Grieger v. Vega

Decision Date14 July 1954
Docket NumberNo. A-4577,A-4577
Citation271 S.W.2d 85,153 Tex. 498
PartiesGRIEGER v. VEGA.
CourtTexas Supreme Court

Wofford, Fullerton & Barkley, Taylor, for petitioner.

Carlos C. Cadena, San Antonio, David Longoria, Austin, for respondent.

HICKMAN, Chief Justice.

This is a suit by respondent, Matilda Vega, against petitioner, Fred Grieger, for damages for the alleged wrongful killing of her son, Arthur Vega. Her petition alleged that petitioner 'willfully and maliciously killed Arthur Vega by shooting him with a gun.' The case was submitted to a jury on two special issues as follows:

'Special Issue No. 1: Do you find from a preponderance of the evidence that the action of Fred Grieger in shooting and killing the deceased, Arthur Vega, was wrongful?

'Answer 'Yes' or 'No.'

'If you have answered Special Issue No. 1 'Yes,' and in that event only, you will answer the following special issue:

'Special Issue No. 2: What amount of money, if any, do you find from a preponderance of the evidence would, if paid now, reasonably compensate the plaintiff, Matilda Vega, for the loss of pecuniary benefits, if any, sustained by her as a result of the death of Arthur Vega?
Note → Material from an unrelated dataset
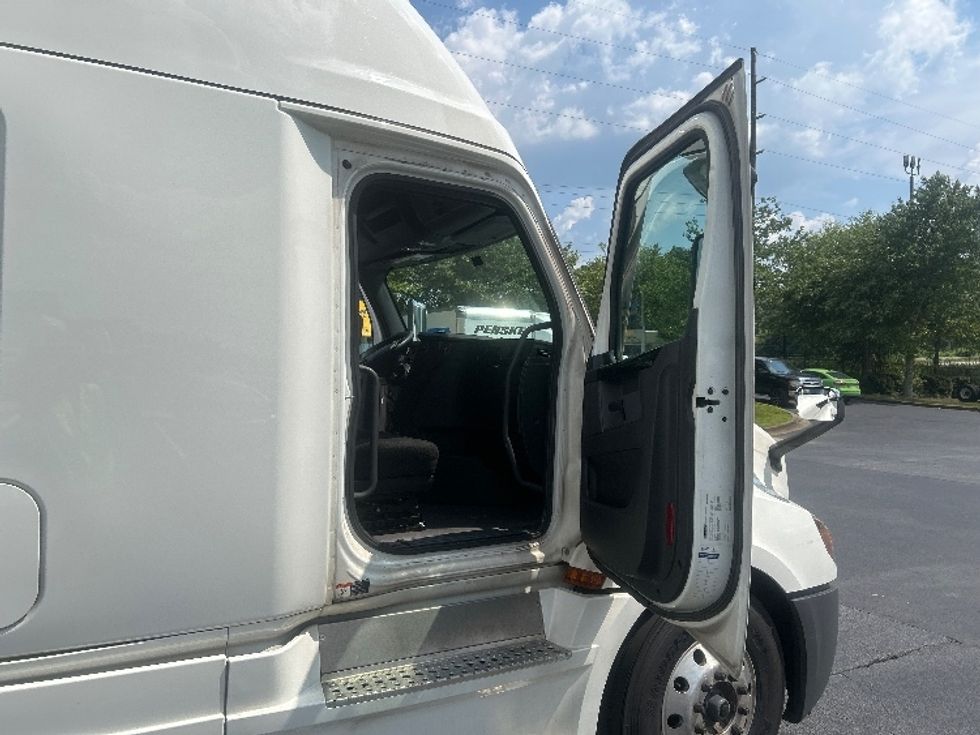 Sleeper Tractor-Heavy Duty Tractors-Freightliner-2024-T12664ST-Forest Park-GA-778,147\n\t\tmiles-$ 63,750 - Image 13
'Answer by stating the amount of dollars, if any, and cents, if any.

'Answer: $_____.'

The first special issue was answered 'No,' and in accordance with the court's instruction the second issue was not answered. Upon the verdict, judgment was rendered that respondent take nothing. The case was reversed and remanded by the Court of Civil Appeals. 264 S.W.2d 498.
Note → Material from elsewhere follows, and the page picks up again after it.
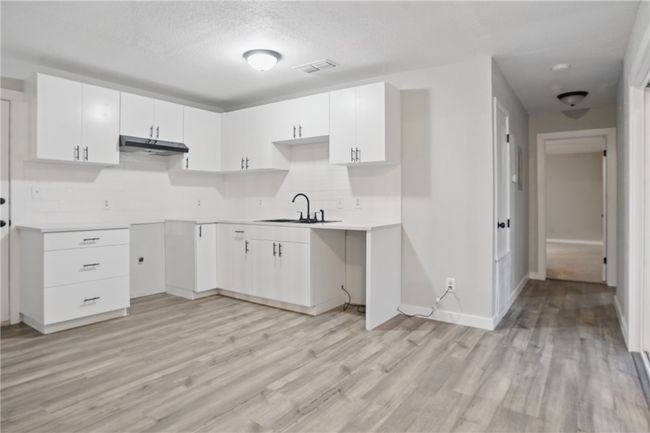 163 Windsor Dr, House other with 4 bedrooms, 2 bathrooms and 4 parking in Beeville TX | Image 6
The charge defined the term 'wrongful' as used in Special Issue No. 1 as follows:

'By the term 'wrongful,' as used in Special Issue No. 1, means the use by defendant of a greater degree of force than was reasonable and necessary under the circumstances then existing and that the defendant was not at the time acting in his own self-defense, as below explained. In this connection you are charged that if at the time of the killing the deceased or his brother by his or their acts or conduct reasonably induced the defendant to believe that deceased or his brother was about to attack him with a deadly weapon which would probably cause defendant's death or some serious bodily injury, or if by the acts of the deceased or his brother, it reasonably appeared to defendant at the time, viewed from his standpoint alone, that deceased or his brother was then about to attack him with a deadly weapon which would probably cause defendant's death or some serious bodily injury, and if same was reasonably calculated to create in the mind of defendant, and did create in his mind, a reasonable expectation or fear of death or some serious bodily injury, and that defendant then and there, moved and actuated by such reasonable expectation or fear of death or serious bodily injury, shot and killed deceased, Arthur Vega, then under such circumstances the killing would be in his lawful selfdefense and would not be 'wrongful.' It is not essential to the right of self-defense that real danger should exist. If from defendant's standpoint, and his standpoint alone, taking into consideration all the facts and circumstances surrounding the parties, it reasonably appeared to him that he was in danger of death or serious bodily injury, under the law he had the right to defend against such apparent danger to the same extent as if the danger were real, and if he shot and killed the deceased under such circumstances, the killing would not be 'wrongful."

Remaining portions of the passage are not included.